The table is worth adding to MSDM project written report and presentation slides because it summarizes key industry insights in a clear, structed, and data-driven format. Given that your project focuses on digital marketing optimization for Productfolio, the table provides essential market context, competitive landscape, and revenue projections, making it a crucial visual aid for decision-making and strategic planning.

3.1 Key Benefits of Including Table:

Enhance Credibility with Data-Driven Insights

The table presents factual, quantitative data about the SaaS industry, including market size, workforce distribution, and revenue forecasts.

Simplfies Complex Information for Your Audience

Instead of dense paragraphs, the table condenses essential statistics into an easily digestible format.
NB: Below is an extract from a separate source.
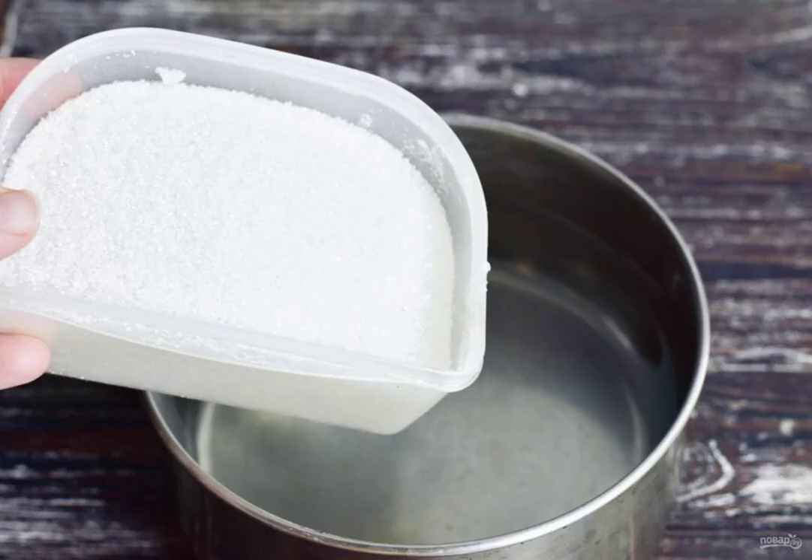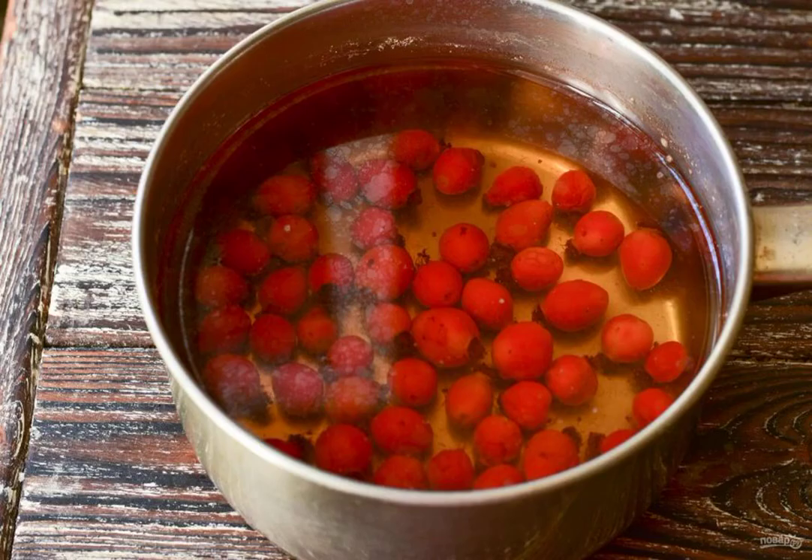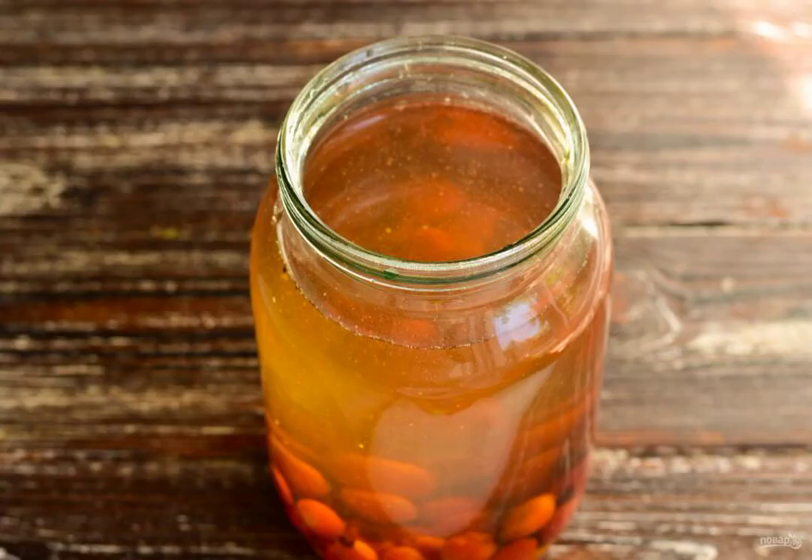Pour water into the bucket. Add sugar. Wash the rosehip and put it in a bucket. Cook the compote for 10 minutes and then turn off the heat and let it stand for the same amount. Carefully pour the compote into a clean 1 liter jar.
Strengthens Your Marketing & Industry Analysis Sections

Supports Slide 9 (Industry Analysis) by quantifying market size and projections, Aligns with Slide 10(Customer Analysis) by illustrating workforce and market segmentation and Enhances Slide 11 (SWOT Analysis) by providing competitive landscape data.

Provides a Visual Representation of Key Data for Better Engagement

In presentation, data tables are visually appealing and help maintain audience attention.